Editorial for the Special Issue “Application of Geophysical Data Interpretation in Geological and Mineral Potential Mapping”

Geological structures often control the distribution of natural resources such as oil, gas, and minerals [1,2,3]. Interpreting geophysical data can help in mapping these structures [4,5,6,7,8]. To better understand the application of geophysical data interpretation in mapping geological structures and mineral deposits, we collected 10 contributions for this Special Issue. These contributions will be briefly presented here.

In the first contribution by Xu and co-authors, “Research on the Tectonic Characteristics and Hydrocarbon Prospects in the Northern Area of the South Yellow Sea Based on Gravity and Magnetic Data”, potential field and seismic data are employed to locate fault lineaments and estimate the basement depth in the northern basin and the middle uplift of the South Yellow Sea, China.

In “Low-Dimensional Multi-Trace Impedance Inversion in Sparse Space with Elastic Half Norm Constraint”, Lan et al. aim to improve the computational efficiency in multi-trace impedance inversion. They also proposed an inversion constraint based on an elastic half norm, and tested the proposed approach on synthetic and field seismic 2D profiles.

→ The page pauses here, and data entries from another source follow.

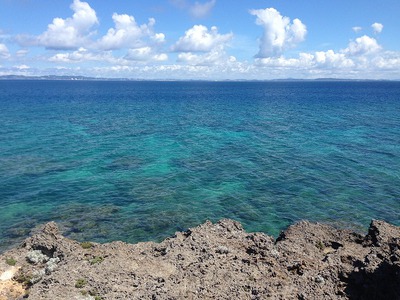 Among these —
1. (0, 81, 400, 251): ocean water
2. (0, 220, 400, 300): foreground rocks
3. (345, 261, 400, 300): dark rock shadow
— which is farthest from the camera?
(0, 81, 400, 251): ocean water

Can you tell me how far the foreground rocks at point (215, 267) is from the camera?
72.9 feet

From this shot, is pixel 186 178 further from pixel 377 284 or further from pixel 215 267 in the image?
pixel 377 284

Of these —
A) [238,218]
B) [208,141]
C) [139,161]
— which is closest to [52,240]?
[238,218]

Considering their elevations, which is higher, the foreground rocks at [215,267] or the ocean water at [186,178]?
the foreground rocks at [215,267]

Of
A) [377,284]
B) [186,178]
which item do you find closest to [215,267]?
[377,284]

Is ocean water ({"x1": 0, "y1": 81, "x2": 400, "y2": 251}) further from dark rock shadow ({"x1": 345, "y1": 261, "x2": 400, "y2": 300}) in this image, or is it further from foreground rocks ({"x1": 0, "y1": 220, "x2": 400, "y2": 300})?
dark rock shadow ({"x1": 345, "y1": 261, "x2": 400, "y2": 300})

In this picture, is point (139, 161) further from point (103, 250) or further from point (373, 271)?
point (373, 271)

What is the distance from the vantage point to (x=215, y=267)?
2478 centimetres

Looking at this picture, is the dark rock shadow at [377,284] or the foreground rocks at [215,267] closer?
the dark rock shadow at [377,284]

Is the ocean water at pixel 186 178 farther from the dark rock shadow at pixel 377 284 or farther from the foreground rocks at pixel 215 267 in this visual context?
the dark rock shadow at pixel 377 284

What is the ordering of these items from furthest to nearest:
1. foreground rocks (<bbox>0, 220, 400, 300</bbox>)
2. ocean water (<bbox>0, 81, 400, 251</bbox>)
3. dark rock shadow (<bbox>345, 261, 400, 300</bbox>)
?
ocean water (<bbox>0, 81, 400, 251</bbox>) < foreground rocks (<bbox>0, 220, 400, 300</bbox>) < dark rock shadow (<bbox>345, 261, 400, 300</bbox>)

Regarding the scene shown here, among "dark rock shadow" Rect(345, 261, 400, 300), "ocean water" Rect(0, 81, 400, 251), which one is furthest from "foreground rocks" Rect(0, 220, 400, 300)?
"ocean water" Rect(0, 81, 400, 251)

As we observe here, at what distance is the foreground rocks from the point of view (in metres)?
22.2

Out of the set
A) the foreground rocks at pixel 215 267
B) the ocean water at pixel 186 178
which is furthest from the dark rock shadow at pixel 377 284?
the ocean water at pixel 186 178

Park and co-authors employ paleomagnetic data and analyze the anisotropy of magnetic susceptibility in their work “Preferred Orientations of Magnetic Minerals Inferred from Magnetic Fabrics of Hantangang Quaternary Basalts”, contributing to the knowledge about the eruptive origin of the Hantangang River Volcanic Field, Korea.

The methodological background of the article entitled “Particle Swarm Optimization (PSO) of High-Quality Magnetic Data of the Obudu Basement Complex, Nigeria” by Ekwok and collaborators is a stochastic optimization approach to the inversion of magnetic profiles. The inversion considers a universal model that comprises a variety of simple geometric sources (spheres, cylinders, thin sheets, and geological contacts). The inversion technique was applied to four magnetic profiles from the Precambrian Obudu basement complex, Nigeria, revealing depositional zones for igneous-related minerals and migratory pathways for hydrothermal fluids.

Another methodological strand, data-driven machine learning algorithms, is the tool used by Behnia et al. in their work, “Mineral Prospectivity Mapping for Orogenic Gold Mineralization in the Rainy River Area, Wabigoon Subprovince”. Specifically, the Random Forest algorithm is employed to produce prospectivity maps from geological, gravity, and magnetic data from the Rainy River Area, Canada.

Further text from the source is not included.